• [TASK TO COMPLETE]:
Word for word, copy the lines beginning at the one with "Running Zombie War: Killing" and ending at the last line below; pictures stay out.

• [DATA FOR REVIEW]:
┄┄┄┄┄┄┄┄┄┄

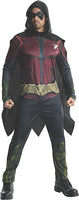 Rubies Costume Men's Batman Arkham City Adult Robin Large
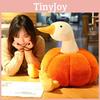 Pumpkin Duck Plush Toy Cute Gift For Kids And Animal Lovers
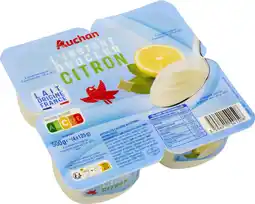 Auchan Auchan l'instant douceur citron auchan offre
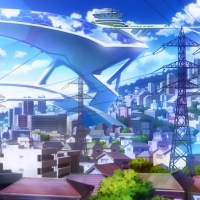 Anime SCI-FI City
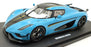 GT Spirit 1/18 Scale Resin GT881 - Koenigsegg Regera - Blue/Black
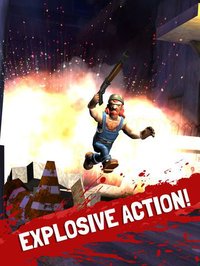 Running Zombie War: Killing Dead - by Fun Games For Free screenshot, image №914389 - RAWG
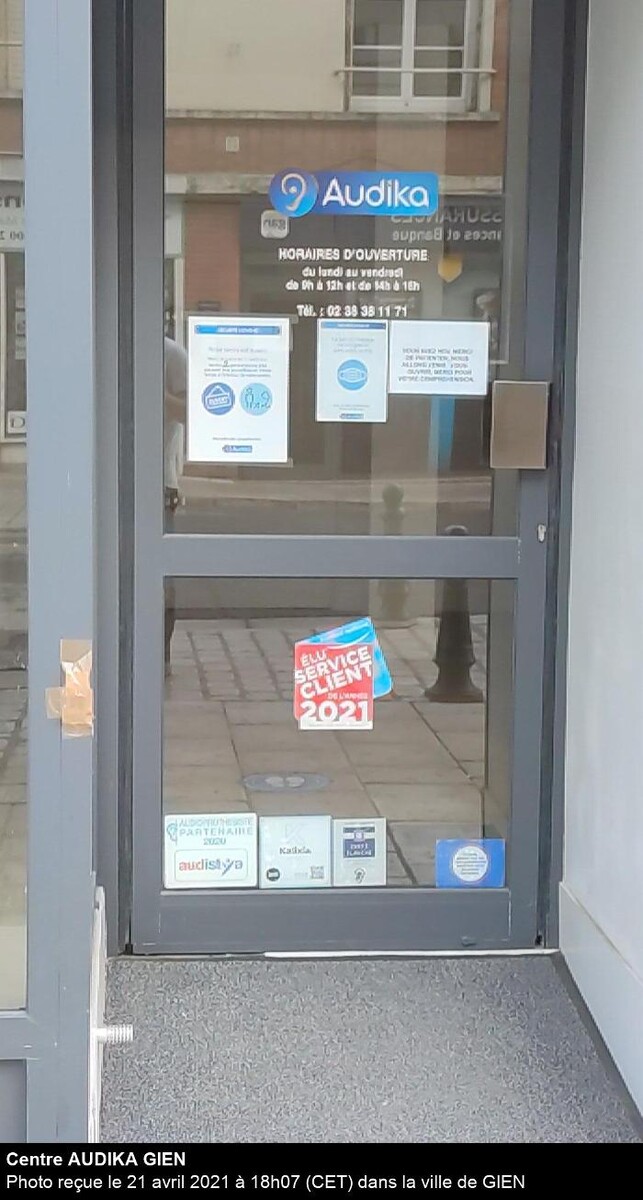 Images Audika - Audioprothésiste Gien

┄┄┄┄┄┄┄┄┄┄

• [EXPECTED ANSWER]:
 Running Zombie War: Killing Dead - by Fun Games For Free screenshot, image №914389 - RAWG
 Images Audika - Audioprothésiste Gien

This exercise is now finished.